▶ _TASK DETAILS_
Once the line containing "Park Scene, Pomona, CA - Carey's Emporium" is found, copy it and each subsequent line exactly. Stop at the end of the records below.

▶ _STUDY MATERIAL_
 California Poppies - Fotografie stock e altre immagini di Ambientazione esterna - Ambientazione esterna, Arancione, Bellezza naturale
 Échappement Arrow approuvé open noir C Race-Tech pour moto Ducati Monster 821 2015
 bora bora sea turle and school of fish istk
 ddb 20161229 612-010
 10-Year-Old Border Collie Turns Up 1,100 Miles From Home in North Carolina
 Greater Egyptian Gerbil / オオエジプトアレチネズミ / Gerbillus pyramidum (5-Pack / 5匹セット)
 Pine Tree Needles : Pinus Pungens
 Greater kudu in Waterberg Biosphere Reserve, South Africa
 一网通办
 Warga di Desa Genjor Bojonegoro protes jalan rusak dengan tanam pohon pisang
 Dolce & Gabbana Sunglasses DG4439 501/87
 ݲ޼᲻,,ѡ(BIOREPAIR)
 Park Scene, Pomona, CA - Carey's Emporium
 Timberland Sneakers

▶ _EXERCISE RESULT_
 Park Scene, Pomona, CA - Carey's Emporium
 Timberland Sneakers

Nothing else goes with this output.